INSTRUCTIONS FOR THE TASK: In this exercise, set down every entry that follows exactly as it appears.

======

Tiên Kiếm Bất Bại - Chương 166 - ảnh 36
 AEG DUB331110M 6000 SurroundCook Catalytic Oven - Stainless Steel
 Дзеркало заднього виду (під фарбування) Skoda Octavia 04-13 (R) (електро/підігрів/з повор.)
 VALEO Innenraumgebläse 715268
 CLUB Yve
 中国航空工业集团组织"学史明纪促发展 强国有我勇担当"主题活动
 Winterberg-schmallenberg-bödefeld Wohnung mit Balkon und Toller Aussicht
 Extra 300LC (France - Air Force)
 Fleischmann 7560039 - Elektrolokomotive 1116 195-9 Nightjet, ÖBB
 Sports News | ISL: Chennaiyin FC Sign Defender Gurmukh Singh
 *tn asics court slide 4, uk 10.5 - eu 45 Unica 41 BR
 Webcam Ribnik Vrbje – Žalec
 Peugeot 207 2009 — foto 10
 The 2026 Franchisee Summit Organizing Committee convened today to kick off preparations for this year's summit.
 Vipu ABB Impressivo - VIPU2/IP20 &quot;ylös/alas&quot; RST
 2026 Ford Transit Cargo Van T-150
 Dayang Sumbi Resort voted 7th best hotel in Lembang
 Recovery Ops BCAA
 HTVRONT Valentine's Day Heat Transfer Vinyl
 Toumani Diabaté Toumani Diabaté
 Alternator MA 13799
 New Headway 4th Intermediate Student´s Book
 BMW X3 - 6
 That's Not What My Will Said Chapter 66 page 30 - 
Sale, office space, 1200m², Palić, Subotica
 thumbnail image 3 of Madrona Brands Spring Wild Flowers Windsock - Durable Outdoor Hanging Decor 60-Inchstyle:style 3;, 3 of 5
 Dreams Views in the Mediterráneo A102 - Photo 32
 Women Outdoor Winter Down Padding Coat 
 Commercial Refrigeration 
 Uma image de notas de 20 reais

======

ANSWER TO THIS TASK:
Tiên Kiếm Bất Bại - Chương 166 - ảnh 36
 AEG DUB331110M 6000 SurroundCook Catalytic Oven - Stainless Steel
 Дзеркало заднього виду (під фарбування) Skoda Octavia 04-13 (R) (електро/підігрів/з повор.)
 VALEO Innenraumgebläse 715268
 CLUB Yve
 中国航空工业集团组织"学史明纪促发展 强国有我勇担当"主题活动
 Winterberg-schmallenberg-bödefeld Wohnung mit Balkon und Toller Aussicht
 Extra 300LC (France - Air Force)
 Fleischmann 7560039 - Elektrolokomotive 1116 195-9 Nightjet, ÖBB
 Sports News | ISL: Chennaiyin FC Sign Defender Gurmukh Singh
 *tn asics court slide 4, uk 10.5 - eu 45 Unica 41 BR
 Webcam Ribnik Vrbje – Žalec
 Peugeot 207 2009 — foto 10
 The 2026 Franchisee Summit Organizing Committee convened today to kick off preparations for this year's summit.
 Vipu ABB Impressivo - VIPU2/IP20 &quot;ylös/alas&quot; RST
 2026 Ford Transit Cargo Van T-150
 Dayang Sumbi Resort voted 7th best hotel in Lembang
 Recovery Ops BCAA
 HTVRONT Valentine's Day Heat Transfer Vinyl
 Toumani Diabaté Toumani Diabaté
 Alternator MA 13799
 New Headway 4th Intermediate Student´s Book
 BMW X3 - 6
 That's Not What My Will Said Chapter 66 page 30 - 
Sale, office space, 1200m², Palić, Subotica
 thumbnail image 3 of Madrona Brands Spring Wild Flowers Windsock - Durable Outdoor Hanging Decor 60-Inchstyle:style 3;, 3 of 5
 Dreams Views in the Mediterráneo A102 - Photo 32
 Women Outdoor Winter Down Padding Coat 
 Commercial Refrigeration 
 Uma image de notas de 20 reais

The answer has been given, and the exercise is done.